Plasmid Vector - CMV enhancer / promoter fluorescent reporter, a positive or neg - (Sep/03/2013 )
We have a technique where we can transfect primary human cells using a plasmid vector construct that contains a fluorescent reporter driven by our promoter sequence insert. The sequence is inserted between the CMV reporter/promoter and MCS. In parallel I aim to transfect primary cells using the original unadulterated vector as a control. Now the question is - will the fluorescent reporter signal in this control be ubiquitous whereas signal from our construct will be specific, or will it be instead that this control will have no signal at all? As these are primary cells, I have no idea whether many of us are casually carrying endogenous (viral?) proteins that will activate the fluorescent reporter via the CMV promoter. Or whether or not I have completely missed the point altogether (i'm new to this).

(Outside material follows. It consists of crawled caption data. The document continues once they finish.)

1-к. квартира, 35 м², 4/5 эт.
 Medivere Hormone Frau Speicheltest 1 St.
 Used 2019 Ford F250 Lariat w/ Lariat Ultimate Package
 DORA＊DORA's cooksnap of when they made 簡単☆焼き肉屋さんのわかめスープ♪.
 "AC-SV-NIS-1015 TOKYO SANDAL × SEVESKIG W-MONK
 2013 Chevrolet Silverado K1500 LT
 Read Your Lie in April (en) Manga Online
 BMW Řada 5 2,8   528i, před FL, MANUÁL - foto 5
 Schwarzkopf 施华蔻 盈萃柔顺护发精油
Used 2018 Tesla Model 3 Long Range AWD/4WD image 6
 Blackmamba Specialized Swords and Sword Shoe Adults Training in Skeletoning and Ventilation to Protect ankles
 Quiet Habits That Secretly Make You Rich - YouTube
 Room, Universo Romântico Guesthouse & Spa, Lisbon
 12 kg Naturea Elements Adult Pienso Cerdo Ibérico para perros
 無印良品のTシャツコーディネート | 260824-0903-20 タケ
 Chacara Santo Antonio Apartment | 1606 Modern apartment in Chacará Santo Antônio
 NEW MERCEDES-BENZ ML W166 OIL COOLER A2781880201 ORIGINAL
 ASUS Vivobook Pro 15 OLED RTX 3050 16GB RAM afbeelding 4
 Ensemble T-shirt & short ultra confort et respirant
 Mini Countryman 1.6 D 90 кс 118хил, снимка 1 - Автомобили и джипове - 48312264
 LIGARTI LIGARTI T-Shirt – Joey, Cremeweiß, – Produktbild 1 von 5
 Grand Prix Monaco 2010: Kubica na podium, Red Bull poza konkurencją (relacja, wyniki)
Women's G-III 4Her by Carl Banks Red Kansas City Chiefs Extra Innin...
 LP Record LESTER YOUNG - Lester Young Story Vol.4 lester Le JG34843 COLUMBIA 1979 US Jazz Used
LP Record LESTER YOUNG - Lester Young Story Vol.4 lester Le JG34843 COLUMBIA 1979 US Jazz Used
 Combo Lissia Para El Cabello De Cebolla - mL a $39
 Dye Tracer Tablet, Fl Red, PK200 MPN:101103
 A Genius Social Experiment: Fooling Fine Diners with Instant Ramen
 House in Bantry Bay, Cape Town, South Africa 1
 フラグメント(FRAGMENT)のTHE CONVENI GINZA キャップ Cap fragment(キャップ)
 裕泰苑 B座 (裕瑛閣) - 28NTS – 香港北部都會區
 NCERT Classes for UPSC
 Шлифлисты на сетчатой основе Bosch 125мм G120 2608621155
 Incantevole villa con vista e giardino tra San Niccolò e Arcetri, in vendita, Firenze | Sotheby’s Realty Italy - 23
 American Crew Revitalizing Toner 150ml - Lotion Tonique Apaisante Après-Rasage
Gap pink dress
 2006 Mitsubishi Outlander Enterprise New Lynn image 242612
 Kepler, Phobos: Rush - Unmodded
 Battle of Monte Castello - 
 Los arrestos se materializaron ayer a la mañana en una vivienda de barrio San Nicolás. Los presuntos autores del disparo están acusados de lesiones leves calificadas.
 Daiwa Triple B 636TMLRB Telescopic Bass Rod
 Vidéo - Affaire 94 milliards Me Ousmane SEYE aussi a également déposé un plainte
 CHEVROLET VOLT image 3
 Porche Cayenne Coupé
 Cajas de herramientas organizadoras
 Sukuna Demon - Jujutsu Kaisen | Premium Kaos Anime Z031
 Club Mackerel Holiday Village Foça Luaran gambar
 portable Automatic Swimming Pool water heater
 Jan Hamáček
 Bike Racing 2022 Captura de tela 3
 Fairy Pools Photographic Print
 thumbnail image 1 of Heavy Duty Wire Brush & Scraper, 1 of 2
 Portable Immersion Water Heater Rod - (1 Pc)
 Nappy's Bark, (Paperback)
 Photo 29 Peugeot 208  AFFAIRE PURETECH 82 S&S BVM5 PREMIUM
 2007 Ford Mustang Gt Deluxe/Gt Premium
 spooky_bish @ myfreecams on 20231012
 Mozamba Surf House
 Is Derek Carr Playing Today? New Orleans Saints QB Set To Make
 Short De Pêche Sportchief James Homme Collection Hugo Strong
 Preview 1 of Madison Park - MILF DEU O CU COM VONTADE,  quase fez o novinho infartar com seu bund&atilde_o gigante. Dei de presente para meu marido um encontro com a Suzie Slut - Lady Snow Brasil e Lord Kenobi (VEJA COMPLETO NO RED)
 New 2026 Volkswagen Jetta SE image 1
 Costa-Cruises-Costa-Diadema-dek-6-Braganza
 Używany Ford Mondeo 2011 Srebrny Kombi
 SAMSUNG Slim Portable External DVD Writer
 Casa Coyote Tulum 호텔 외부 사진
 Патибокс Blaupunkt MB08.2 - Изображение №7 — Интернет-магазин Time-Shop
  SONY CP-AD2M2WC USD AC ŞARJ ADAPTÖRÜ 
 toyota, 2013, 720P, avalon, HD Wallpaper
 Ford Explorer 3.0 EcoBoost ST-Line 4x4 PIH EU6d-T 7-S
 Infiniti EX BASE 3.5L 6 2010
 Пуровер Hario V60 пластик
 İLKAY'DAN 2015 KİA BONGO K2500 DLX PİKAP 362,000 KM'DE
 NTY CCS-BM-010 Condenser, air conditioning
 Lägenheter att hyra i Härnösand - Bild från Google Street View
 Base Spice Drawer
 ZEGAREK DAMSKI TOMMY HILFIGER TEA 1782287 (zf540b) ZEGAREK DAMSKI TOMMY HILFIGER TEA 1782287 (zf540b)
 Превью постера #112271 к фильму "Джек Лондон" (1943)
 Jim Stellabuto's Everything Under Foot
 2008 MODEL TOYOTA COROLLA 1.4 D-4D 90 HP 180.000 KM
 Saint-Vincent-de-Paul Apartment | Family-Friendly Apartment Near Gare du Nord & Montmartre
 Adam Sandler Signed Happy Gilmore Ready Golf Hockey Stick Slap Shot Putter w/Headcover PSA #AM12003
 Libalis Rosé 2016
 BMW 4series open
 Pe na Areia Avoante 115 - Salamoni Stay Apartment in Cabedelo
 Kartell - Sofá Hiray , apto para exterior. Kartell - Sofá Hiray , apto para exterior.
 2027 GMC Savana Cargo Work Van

Viral promoters like CMV tend to work well in mammalian cells as the viruses use these to run the genes that allow them to replicate themselves. There is no need for transformed or altered cells for this to work (think about viral infection of yourself - it still works).
If you have both promoters in the plasmid, how do you know which one is working?
Thanks for your reply,
In the construct, when I say 'between' I meant the use of cloning sites within the MCS and CMV promoter, I assume that the insert at these cloning sites would render the CMV promoter inert (?).
Only if that insert disrupts the promoter sequence.